Quirk, a freshman Democrat from Catonsville, said the primary aim of the bill is to protect transgendered workers from discrimination and firing because of their sexual identity.
"It's my strong belief that the only thing that should matter is someone's qualifications for a job," Quirk said.
The bill will also contain language dealing with the use of public accommodations, including public restrooms. The language in the bill will allow employers the flexibility to set their own rules on the use of restrooms, Quirk said.
Mark Patro, president of the Baltimore County chapter of Parents, Families and Friends of Gays and Lesbians, said the issue of addressing potential discrimination arose after the highly-publicized assault of Chrissy Polis.

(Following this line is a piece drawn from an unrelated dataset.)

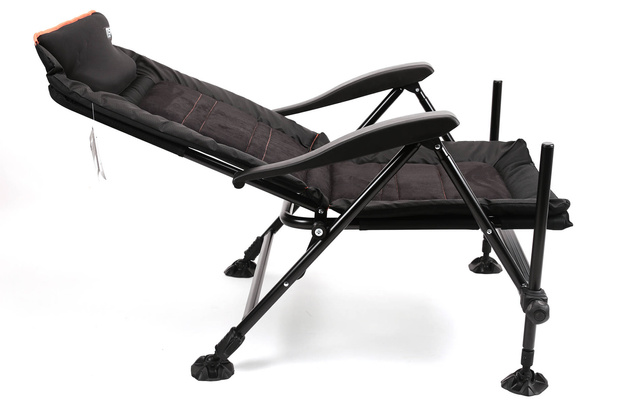 FOTEL MS RANGE FEEDERCHAIR II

The transgendered woman was assaulted in a Rosedale McDonald's in April. A woman and teenage girl were both convicted of the assault, which was recorded on video and uploaded to Youtube.
"That was the incident that got most people thinking about this," said Patro, a Perry Hall resident.
The incident involving Polis was handled in the courts but the county is unable to investigate discrimination on the job, Patro said.
"There are issues all the time with transgendered people being fired from their jobs," he said.
Baltimore County is one of four counties exempted from a 2001 state law, according to Matthew Thorn, chair of the Howard County Chapter of Parents Families and Friends of Lesbians and Gays.
Thorn's organization worked with the Howard County Council to that makes it illegal for employers to discriminate on the basis of gender identity.
Housing and public accommodations are also covered in the law. Violations of the law are addressed through the county's human rights laws.
"Transgenders are the last social group that it's OK to discriminate against," Sharon Brackett, board chairwoman of Gender Rights Maryland , told Columbia Patch in December. "A law like this sets the tone that it's not OK to discriminate."
Brackett spoke last month of some of the struggles faced by the transgender community.
Nearly one half of individuals who openly identify as transgender are fired from their jobs or can't find employment at all, she said.
Of those who find employment, almost 90 percent are harassed on the job.
"And here's the big one: 41 percent of trans have either considered or attempted suicide," Bracket said, according to Columbia Patch.
Howard County's bill is similar to laws passed in Montgomery County, Thorn said.
Patro said he expected the bill would also contain language protecting transgendered residents from discrimination in using public accommodations such as restaurants and hotels.
"One thing that is up in the air is who can use a public bathroom," said Patro.
Quirk said his bill will cover bathrooms as a public accommodation.
The issue of bathroom use helped derail a similar bill proposed in the Maryland General Assembly last year.
The proposed law did not contain language regarding bathroom use, but several legislators linked the issue to the bill during floor debates. The law ultimately failed.
Thorn said he expects the bill will return this year. This time, public accommodations will be included, he said.